*** Given data ***

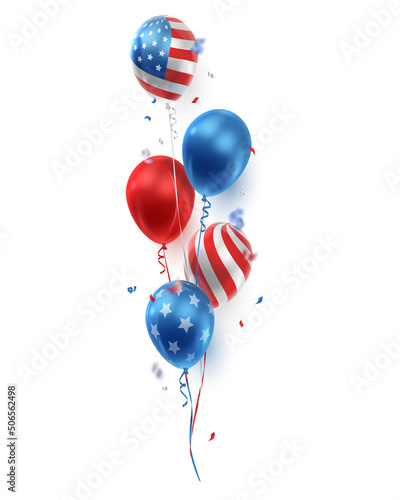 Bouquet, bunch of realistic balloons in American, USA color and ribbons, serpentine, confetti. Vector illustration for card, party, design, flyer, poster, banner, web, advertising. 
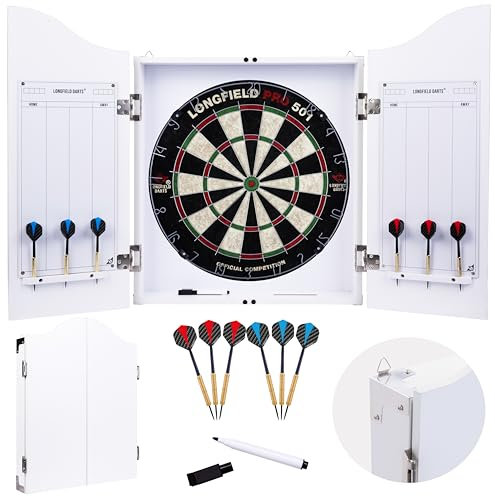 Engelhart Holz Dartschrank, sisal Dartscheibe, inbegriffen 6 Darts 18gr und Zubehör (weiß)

*** End of Given data ***
*** Given data ***

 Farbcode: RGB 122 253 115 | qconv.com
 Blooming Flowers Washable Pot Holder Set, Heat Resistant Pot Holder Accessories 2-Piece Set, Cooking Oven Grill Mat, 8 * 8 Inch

*** End of Given data ***
*** Given data ***

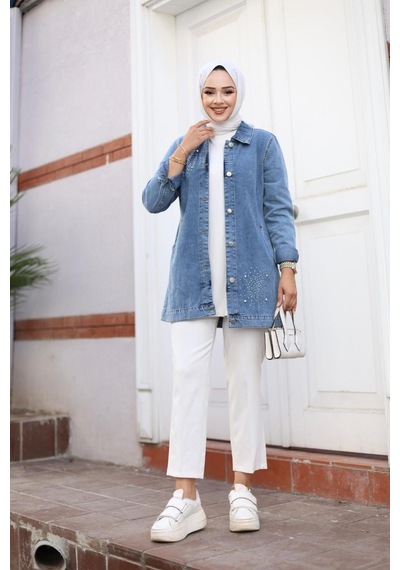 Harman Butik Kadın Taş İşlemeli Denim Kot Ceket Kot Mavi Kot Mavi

*** End of Given data ***

● **Brief**
Using the material above, transcribe exactly the lines from the one holding "Bouquet, bunch of" to the one holding "Engelhart Holz Dartschrank, sisal", both ends kept. Do not carry over any pictures.

● **Task answer**
 Bouquet, bunch of realistic balloons in American, USA color and ribbons, serpentine, confetti. Vector illustration for card, party, design, flyer, poster, banner, web, advertising. 
 Engelhart Holz Dartschrank, sisal Dartscheibe, inbegriffen 6 Darts 18gr und Zubehör (weiß)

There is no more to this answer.